Crocodiles had further significance; they were symbols of an earthly connection with the cosmos. Crocodiles have 60 teeth, lay approximately 60 eggs, incubate the eggs 6 days, have 60 vertebrae, and live about 60 years. The number 60 was a basic number in Egyptian astronomy, leading Egyptians to see crocodiles as an expression of cosmic conscience.
The crocodile, a symbol of natural balance, was the perfect name for an Egyptian martial art based on physical and mental balance. Selim explains that there are 434 individual muscles in the human body, all working in opposite groups—like the biceps and triceps in the arms. If you flex your biceps, you will stretch the triceps.
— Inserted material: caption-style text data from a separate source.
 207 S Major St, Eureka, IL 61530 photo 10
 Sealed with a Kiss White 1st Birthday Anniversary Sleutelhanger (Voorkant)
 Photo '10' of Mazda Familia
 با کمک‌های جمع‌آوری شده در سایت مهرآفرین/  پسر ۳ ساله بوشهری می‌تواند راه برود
When you stretch the biceps, you flex the triceps. The Egyptians felt martial arts practice balanced the physical being because it uses all muscles in all directions, balancing opposite muscle groups.
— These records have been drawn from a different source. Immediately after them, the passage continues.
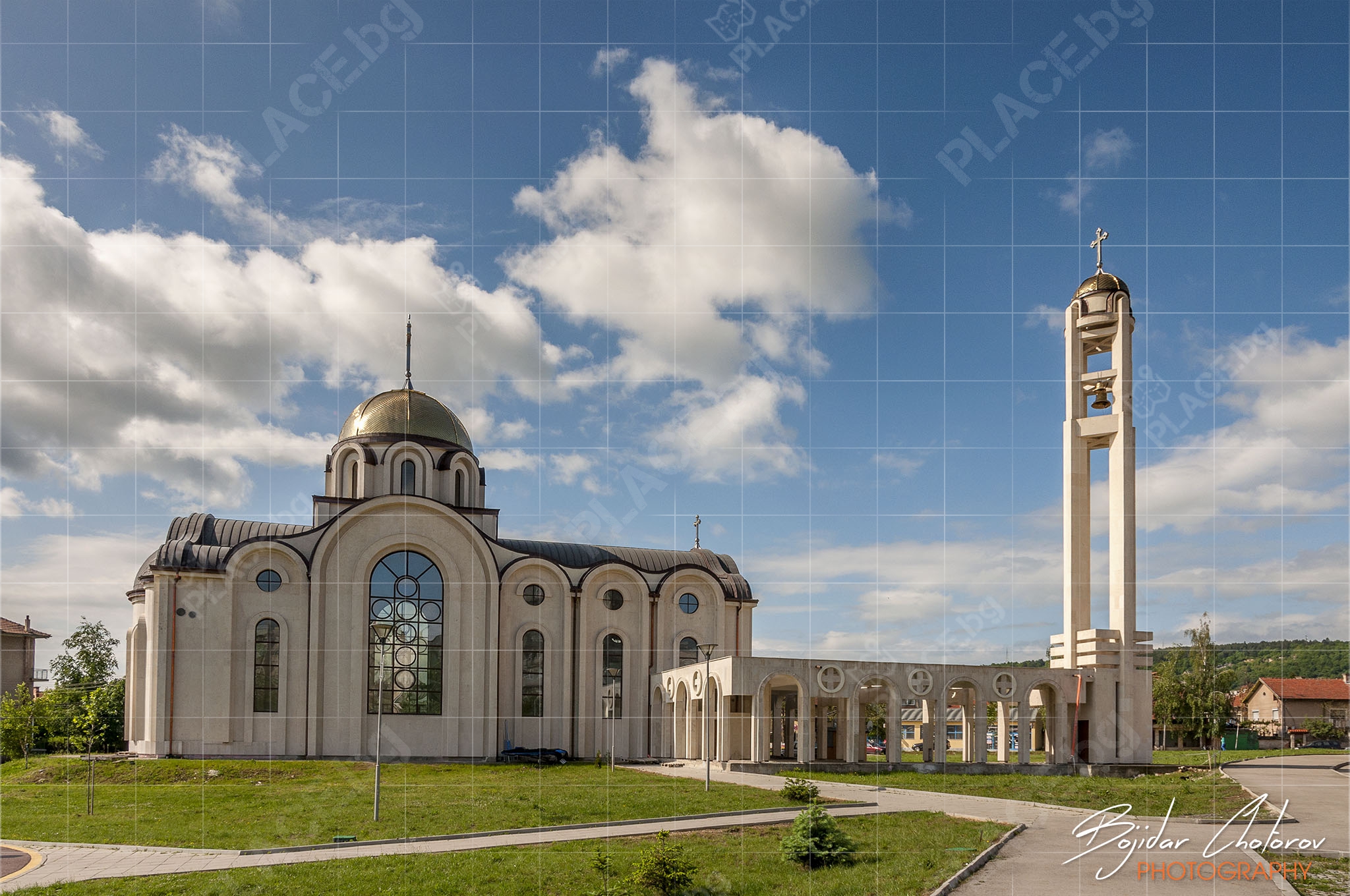Храм "Свети дух" в Монтана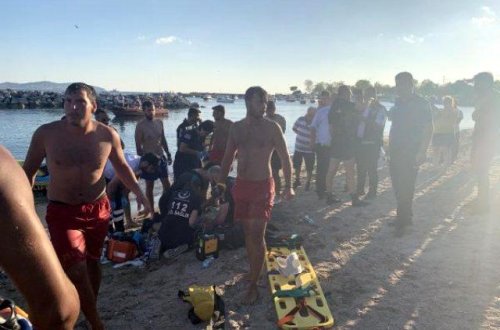 Boğulan 4 uşaqdan birinin dənizdən çıxarıldığı an - Oxşar hadisə Türkiyədə baş verdi - FOTO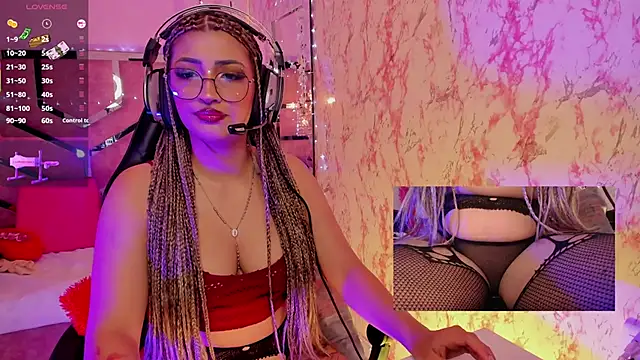 Snapshot of AriaNova_ chatting on March 2026 01:28:01 PM AriaNova online show from March 2026 01:28:01 PM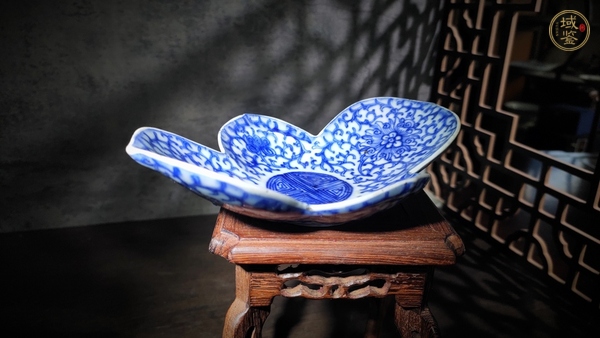 古玩陶瓷清乾隆·青花纏枝花卉紋元寶茶船真品鑒賞圖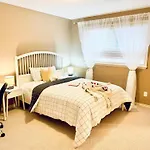 Scorpion Hiuse Langley -Family Connecting Eye Room Suite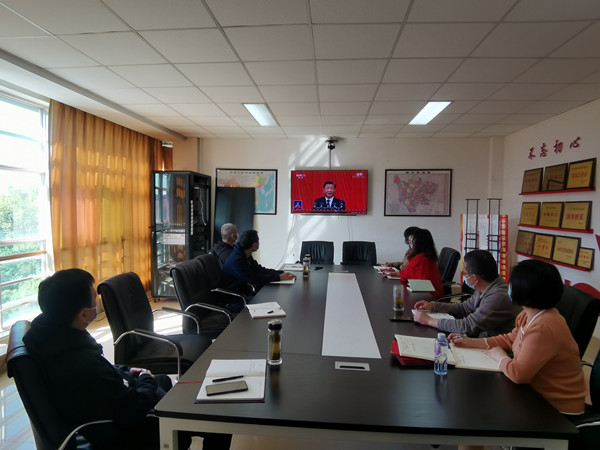 政法与武装部党支部组织集中收看党的二十大开幕会盛况(图2)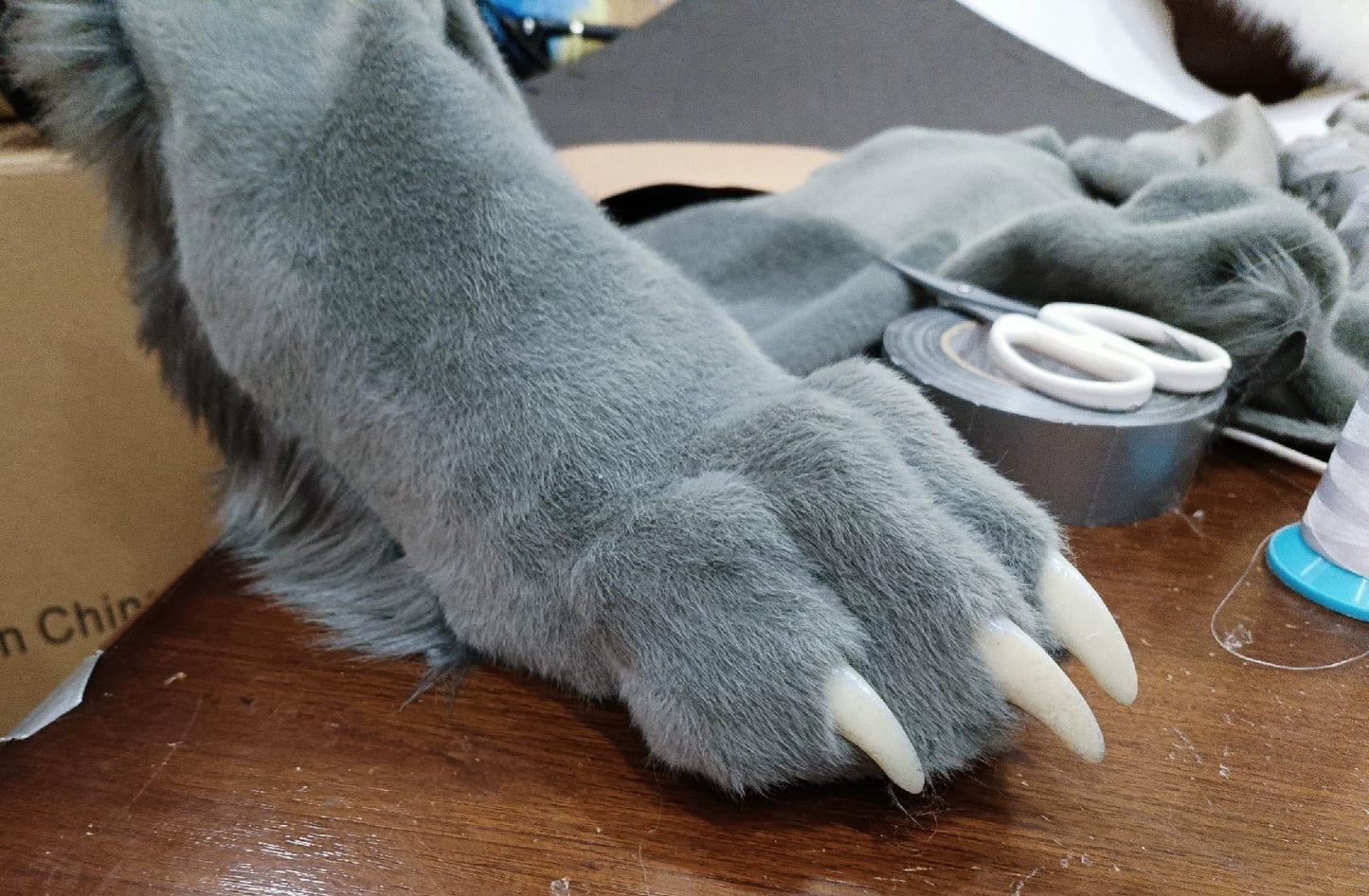 3D printed fursuit paw model Adjustable and trimmable wolf paws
Selim claims tennis or running aren’t as complete as Sebekkha practice because the latter expresses three different kinds of power. The first type is “pushing power.” If you hit a hanging board with your fist at slow speed, it will move with the “pushing” power of your punch. The second type is “breaking power.’ When you hit the same hanging board with more speed, it will break. The third kind is “penetrating power.” This is when you hit the board with even more speed, putting a hole through it without shattering it. In Egypt, high-level Sebekkha warriors specialized in penetrating power, which is accessible only through full muscle flexion and extension.
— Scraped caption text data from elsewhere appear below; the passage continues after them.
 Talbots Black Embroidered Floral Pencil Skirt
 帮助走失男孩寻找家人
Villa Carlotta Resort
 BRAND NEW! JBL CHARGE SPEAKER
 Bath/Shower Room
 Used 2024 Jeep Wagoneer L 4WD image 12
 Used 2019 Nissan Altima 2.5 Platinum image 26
Selim says ancient Egyptians were more concerned with preparing their bodies to fight than with actual battle techniques. The belief was that fighting techniques were ineffective if students were not prepared to use them. Egyptians believed the least important part of true martial arts was the punch or kick; the muscles first had to be prepared for the technique.
Sebekkha has special stretching exercises designed to promote total muscle balance. This Egyptian stretching is unlike either yoga or aerobic exercises. It consists of four different types of stretches.
Selim calls the first kind of exercise “ballet” stretches, after the type done by ballet dancers. These stretches emphasize repeated fast motions. A typical sebekkha ballet stretch consists of deep knee bends, done repeatedly at a rapid rate.
The second type is a “static” stretch, where the muscle is flexed and remains in the stretched position for a period of time. Static stretches are similar to yoga exercises.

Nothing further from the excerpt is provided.